FAJAR.CO.ID, JAKARTA — Pidato Kenegaraan Presiden Joko Widodo pada Sidang Bersama MPR RI (16/8/2022) dinilai publik sebagai bentuk klaim yang keliru dan bertolak belakang dengan realita kondisi penyelesaian pelanggaran HAM berat masa lalu di Indonesia.
Setelah hampir 8 tahun era pemerintahan Presiden Jokowi, kondisi penyelesaian beban Bangsa Indonesia ini justru mengalami kemunduran.
Masyarakat mengingatkan kembali tragedi Semanggi 1, Munir, serta beberapa yang lainnya. Sebagaimana diketahui, Presiden Jokowi pada pidato kenegaraannya menyinggung terkait penyelesaian pelanggaran HAM berat masa lalu. Kata dia, hal itu terus menjadi perhatian serius Pemerintah.
RUU Komisi Kebenaran dan Rekonsiliasi sedang dalam proses pembahasan, kata Jokowi dalam pidatonya. Tindak lanjut atas temuan Komnas HAM masih terus berjalan.
“Keppres Pembentukan Tim Penyelesaian Non-Yudisial Pelanggaran HAM Berat Masa Lalu telah saya tanda tangani,” ujar Presiden Joko Widodo (16/8/2022).
Melihat situasi dan kondisi, dari banyaknya kritik dan sirine dari masyarakat, Menko Polhukam Mahfud MD memberikan pandangannya melalui unggahan di twitternya, @mohmahfudmd. Kata Mahfud, Kritik itu bagus.
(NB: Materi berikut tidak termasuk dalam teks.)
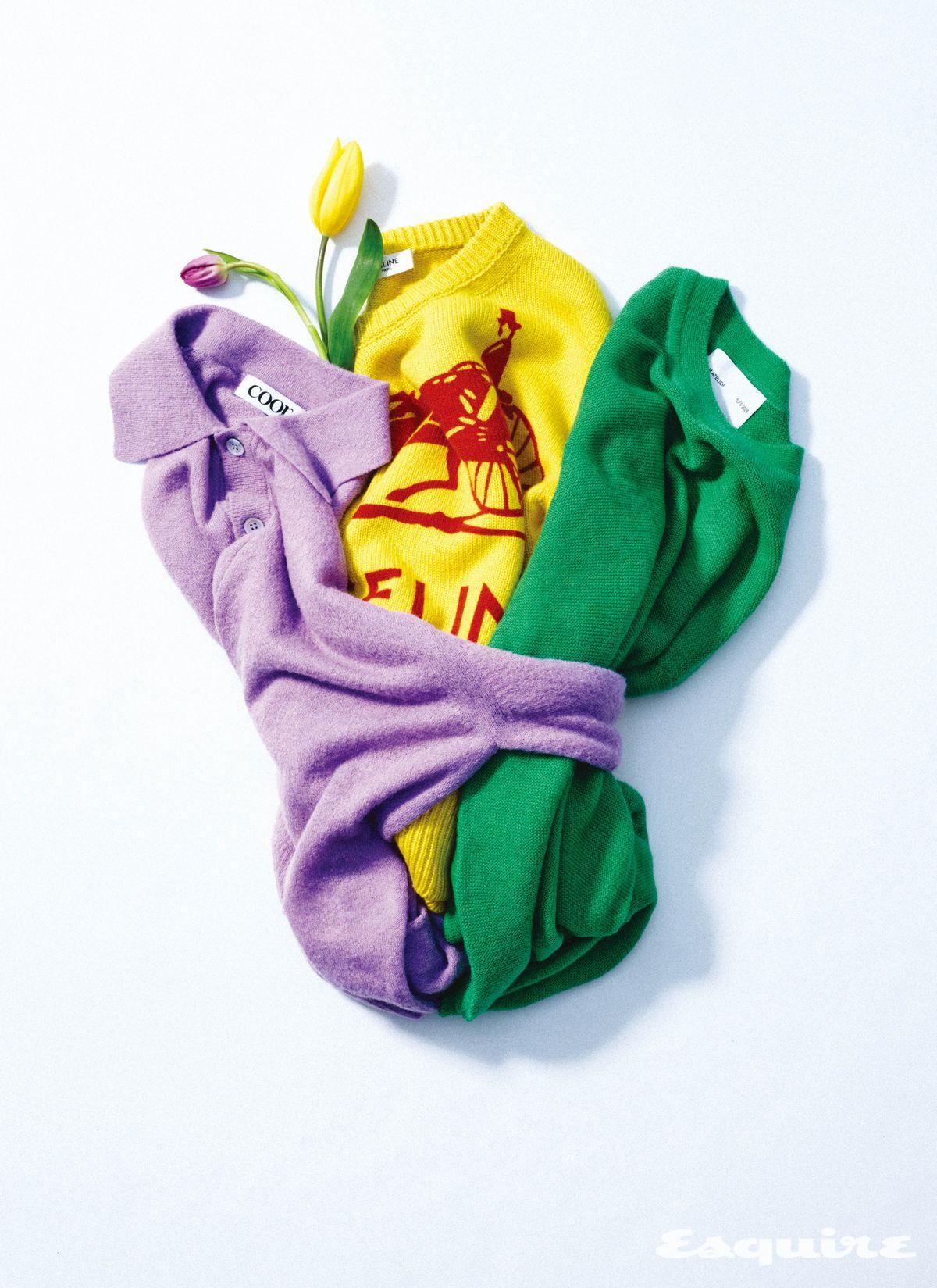 라이트 퍼플 헤어리 알파카 카디건 17만5000원 쿠어. 옐로 칼레슈 프린트 캐시미어 크루넥 스웨터 가격 미정 셀린느. 그린 크루넥 스웨터 11만9000원 H&M.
“Ada kritik krn dibuat Kepres Penyelesaian Nonyudisial Pelanggaran HAM masa lalu. Ayo kritik, itu bagus,” ujar Mahfud (18/8/2022).
Pria kelahiran Sampang itu menekankan, pemerintah harus menerima kritik sebagai lagu yang indah. Seindah lagu keroncong campursari.
“Ya, ketika Pemerintah blm membuat dikritik jg, dibilang kok diam sj. Ingat, yg judicial trs jalan,” tambahnya.